## Data supplied
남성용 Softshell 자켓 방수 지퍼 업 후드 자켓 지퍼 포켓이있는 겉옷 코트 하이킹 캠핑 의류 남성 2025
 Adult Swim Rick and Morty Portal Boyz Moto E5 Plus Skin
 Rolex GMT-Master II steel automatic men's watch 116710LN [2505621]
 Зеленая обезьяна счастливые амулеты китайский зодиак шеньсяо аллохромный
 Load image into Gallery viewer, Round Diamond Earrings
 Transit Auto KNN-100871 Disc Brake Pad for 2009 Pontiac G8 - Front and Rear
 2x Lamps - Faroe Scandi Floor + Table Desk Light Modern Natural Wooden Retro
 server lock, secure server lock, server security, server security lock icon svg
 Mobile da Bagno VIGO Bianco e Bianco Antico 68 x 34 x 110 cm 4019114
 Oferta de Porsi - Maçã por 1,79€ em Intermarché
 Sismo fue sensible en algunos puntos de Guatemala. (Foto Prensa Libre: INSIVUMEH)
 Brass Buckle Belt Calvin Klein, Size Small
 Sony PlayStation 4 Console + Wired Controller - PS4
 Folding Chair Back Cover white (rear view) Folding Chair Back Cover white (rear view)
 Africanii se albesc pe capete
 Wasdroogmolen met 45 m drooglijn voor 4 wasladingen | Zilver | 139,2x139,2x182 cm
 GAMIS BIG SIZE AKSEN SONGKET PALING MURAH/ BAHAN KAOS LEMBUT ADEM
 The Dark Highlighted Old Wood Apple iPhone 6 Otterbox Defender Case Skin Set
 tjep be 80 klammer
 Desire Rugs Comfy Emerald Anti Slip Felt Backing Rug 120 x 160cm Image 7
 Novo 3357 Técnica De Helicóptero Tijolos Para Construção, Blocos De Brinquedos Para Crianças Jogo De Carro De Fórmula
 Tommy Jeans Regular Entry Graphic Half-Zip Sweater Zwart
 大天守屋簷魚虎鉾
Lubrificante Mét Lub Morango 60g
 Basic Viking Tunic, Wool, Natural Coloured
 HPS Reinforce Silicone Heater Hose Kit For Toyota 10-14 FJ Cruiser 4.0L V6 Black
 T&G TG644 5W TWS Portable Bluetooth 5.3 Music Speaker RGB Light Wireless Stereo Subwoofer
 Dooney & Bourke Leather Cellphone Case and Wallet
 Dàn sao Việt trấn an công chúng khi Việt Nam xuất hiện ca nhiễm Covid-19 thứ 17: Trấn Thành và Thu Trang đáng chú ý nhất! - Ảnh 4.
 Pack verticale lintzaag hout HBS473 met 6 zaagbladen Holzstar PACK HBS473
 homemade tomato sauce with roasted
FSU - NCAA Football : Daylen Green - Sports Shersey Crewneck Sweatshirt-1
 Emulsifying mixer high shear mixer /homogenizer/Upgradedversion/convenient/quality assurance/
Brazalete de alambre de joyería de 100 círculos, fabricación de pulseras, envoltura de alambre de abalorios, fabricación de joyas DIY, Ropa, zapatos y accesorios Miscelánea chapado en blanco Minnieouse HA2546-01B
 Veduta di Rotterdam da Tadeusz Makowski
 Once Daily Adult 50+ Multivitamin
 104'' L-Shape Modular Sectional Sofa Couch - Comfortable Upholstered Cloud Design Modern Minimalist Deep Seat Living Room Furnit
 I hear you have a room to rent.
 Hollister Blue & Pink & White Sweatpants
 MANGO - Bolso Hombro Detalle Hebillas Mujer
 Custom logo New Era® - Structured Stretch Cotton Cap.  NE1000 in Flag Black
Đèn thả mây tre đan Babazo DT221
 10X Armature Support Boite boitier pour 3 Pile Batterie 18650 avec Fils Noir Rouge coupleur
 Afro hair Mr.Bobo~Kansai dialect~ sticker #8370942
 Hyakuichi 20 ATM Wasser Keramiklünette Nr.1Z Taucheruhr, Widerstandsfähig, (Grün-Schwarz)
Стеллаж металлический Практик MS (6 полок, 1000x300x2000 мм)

## Problem requirements
Reproduce each entry from the records above, character for character.

## Exercise answer
남성용 Softshell 자켓 방수 지퍼 업 후드 자켓 지퍼 포켓이있는 겉옷 코트 하이킹 캠핑 의류 남성 2025
 Adult Swim Rick and Morty Portal Boyz Moto E5 Plus Skin
 Rolex GMT-Master II steel automatic men's watch 116710LN [2505621]
 Зеленая обезьяна счастливые амулеты китайский зодиак шеньсяо аллохромный
 Load image into Gallery viewer, Round Diamond Earrings
 Transit Auto KNN-100871 Disc Brake Pad for 2009 Pontiac G8 - Front and Rear
 2x Lamps - Faroe Scandi Floor + Table Desk Light Modern Natural Wooden Retro
 server lock, secure server lock, server security, server security lock icon svg
 Mobile da Bagno VIGO Bianco e Bianco Antico 68 x 34 x 110 cm 4019114
 Oferta de Porsi - Maçã por 1,79€ em Intermarché
 Sismo fue sensible en algunos puntos de Guatemala. (Foto Prensa Libre: INSIVUMEH)
 Brass Buckle Belt Calvin Klein, Size Small
 Sony PlayStation 4 Console + Wired Controller - PS4
 Folding Chair Back Cover white (rear view) Folding Chair Back Cover white (rear view)
 Africanii se albesc pe capete
 Wasdroogmolen met 45 m drooglijn voor 4 wasladingen | Zilver | 139,2x139,2x182 cm
 GAMIS BIG SIZE AKSEN SONGKET PALING MURAH/ BAHAN KAOS LEMBUT ADEM
 The Dark Highlighted Old Wood Apple iPhone 6 Otterbox Defender Case Skin Set
 tjep be 80 klammer
 Desire Rugs Comfy Emerald Anti Slip Felt Backing Rug 120 x 160cm Image 7
 Novo 3357 Técnica De Helicóptero Tijolos Para Construção, Blocos De Brinquedos Para Crianças Jogo De Carro De Fórmula
 Tommy Jeans Regular Entry Graphic Half-Zip Sweater Zwart
 大天守屋簷魚虎鉾
Lubrificante Mét Lub Morango 60g
 Basic Viking Tunic, Wool, Natural Coloured
 HPS Reinforce Silicone Heater Hose Kit For Toyota 10-14 FJ Cruiser 4.0L V6 Black
 T&G TG644 5W TWS Portable Bluetooth 5.3 Music Speaker RGB Light Wireless Stereo Subwoofer
 Dooney & Bourke Leather Cellphone Case and Wallet
 Dàn sao Việt trấn an công chúng khi Việt Nam xuất hiện ca nhiễm Covid-19 thứ 17: Trấn Thành và Thu Trang đáng chú ý nhất! - Ảnh 4.
 Pack verticale lintzaag hout HBS473 met 6 zaagbladen Holzstar PACK HBS473
 homemade tomato sauce with roasted
FSU - NCAA Football : Daylen Green - Sports Shersey Crewneck Sweatshirt-1
 Emulsifying mixer high shear mixer /homogenizer/Upgradedversion/convenient/quality assurance/
Brazalete de alambre de joyería de 100 círculos, fabricación de pulseras, envoltura de alambre de abalorios, fabricación de joyas DIY, Ropa, zapatos y accesorios Miscelánea chapado en blanco Minnieouse HA2546-01B
 Veduta di Rotterdam da Tadeusz Makowski
 Once Daily Adult 50+ Multivitamin
 104'' L-Shape Modular Sectional Sofa Couch - Comfortable Upholstered Cloud Design Modern Minimalist Deep Seat Living Room Furnit
 I hear you have a room to rent.
 Hollister Blue & Pink & White Sweatpants
 MANGO - Bolso Hombro Detalle Hebillas Mujer
 Custom logo New Era® - Structured Stretch Cotton Cap.  NE1000 in Flag Black
Đèn thả mây tre đan Babazo DT221
 10X Armature Support Boite boitier pour 3 Pile Batterie 18650 avec Fils Noir Rouge coupleur
 Afro hair Mr.Bobo~Kansai dialect~ sticker #8370942
 Hyakuichi 20 ATM Wasser Keramiklünette Nr.1Z Taucheruhr, Widerstandsfähig, (Grün-Schwarz)
Стеллаж металлический Практик MS (6 полок, 1000x300x2000 мм)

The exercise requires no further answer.